Did you *really* zeroize that key?

Sunder sunder at sunder.net
Fri Nov 8 12:33:03 PST 2002


> Back in the early days of compiler benchmarks, one fancy compiler noticed
> that the result of a lengthy calculation wasn't being used, and dutifully
> removed the calculations.  That calculation was, of course, the kernel of
> the benchmark.  The solution was to print the result.

Or you do something like using binary OR from both ends of the
memory chunk simultaneously, so when they finish, you're guaranteed to
have 0xff (all 1's) all over your memory.


This is off the top of my head, so bugs may exist, etc.

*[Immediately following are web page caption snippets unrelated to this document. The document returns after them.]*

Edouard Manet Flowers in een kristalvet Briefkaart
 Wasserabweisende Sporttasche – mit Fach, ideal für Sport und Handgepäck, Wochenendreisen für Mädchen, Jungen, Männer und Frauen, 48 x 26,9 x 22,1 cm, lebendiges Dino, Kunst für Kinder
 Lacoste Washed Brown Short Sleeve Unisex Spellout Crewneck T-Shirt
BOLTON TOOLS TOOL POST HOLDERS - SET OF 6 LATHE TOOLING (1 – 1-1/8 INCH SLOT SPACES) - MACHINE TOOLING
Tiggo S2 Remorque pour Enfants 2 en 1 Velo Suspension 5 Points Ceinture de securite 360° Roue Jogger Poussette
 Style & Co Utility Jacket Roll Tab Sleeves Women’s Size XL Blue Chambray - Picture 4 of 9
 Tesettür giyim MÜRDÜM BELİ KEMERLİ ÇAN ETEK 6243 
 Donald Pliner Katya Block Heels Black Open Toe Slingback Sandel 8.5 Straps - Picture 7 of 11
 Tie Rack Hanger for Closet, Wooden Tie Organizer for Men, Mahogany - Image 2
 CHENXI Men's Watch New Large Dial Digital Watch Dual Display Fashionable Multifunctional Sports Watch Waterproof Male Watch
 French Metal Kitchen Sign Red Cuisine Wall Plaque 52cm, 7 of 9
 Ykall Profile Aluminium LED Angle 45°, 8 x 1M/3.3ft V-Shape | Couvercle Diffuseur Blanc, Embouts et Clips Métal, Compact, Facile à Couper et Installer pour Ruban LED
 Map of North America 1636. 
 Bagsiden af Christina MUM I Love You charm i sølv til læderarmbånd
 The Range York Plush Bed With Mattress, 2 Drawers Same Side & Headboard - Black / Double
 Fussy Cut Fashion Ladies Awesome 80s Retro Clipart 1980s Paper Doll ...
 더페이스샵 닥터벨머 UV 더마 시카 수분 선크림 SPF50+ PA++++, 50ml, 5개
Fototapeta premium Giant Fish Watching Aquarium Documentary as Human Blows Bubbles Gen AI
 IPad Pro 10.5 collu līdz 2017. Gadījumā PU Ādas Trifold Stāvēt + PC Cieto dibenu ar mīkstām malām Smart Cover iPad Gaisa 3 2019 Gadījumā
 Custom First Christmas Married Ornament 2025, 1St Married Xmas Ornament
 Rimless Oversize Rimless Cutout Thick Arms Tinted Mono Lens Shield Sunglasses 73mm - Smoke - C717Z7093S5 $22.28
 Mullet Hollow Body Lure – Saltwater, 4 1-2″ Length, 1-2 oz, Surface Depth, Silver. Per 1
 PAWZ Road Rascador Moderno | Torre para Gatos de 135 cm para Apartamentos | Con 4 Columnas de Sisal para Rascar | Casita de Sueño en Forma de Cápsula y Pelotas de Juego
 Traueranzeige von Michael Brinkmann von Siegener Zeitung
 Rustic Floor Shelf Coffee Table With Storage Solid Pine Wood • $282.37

int zapmem(uint8 *mem, size_t size)
{

int i,j,a,b;

 for (a=0xaa,b=0x55,i=0, j=size-1; i<size, i++,j--)
  {
   a|=mem[i]; mem[i]=a;
   b|=mem[j]; mem[j]=b;
  }
return a|b;
}

At the end of the loop, mem will be 0xff.  Why?  Because we use OR, and
since one half is using 010101 and the other half is using 10101010, as
i,j pass each other and OR themselves, you're guaranteed to have 0xff
(11111111) as output.  You could also use 0xf0 and 0x0f or any other
complementary values for the initial a and b values.

There's a return value, the compiler has to return it, and thus can't
easily optimize it out.  I don't think there exist smart compilers that
will figure out what this does - if you can write such a compiler that can
figure out what you indend in all cases, you will be a very rich man.  Of
course if some compiler writer decides to make the above a special case
and optimize it out, all bets are off.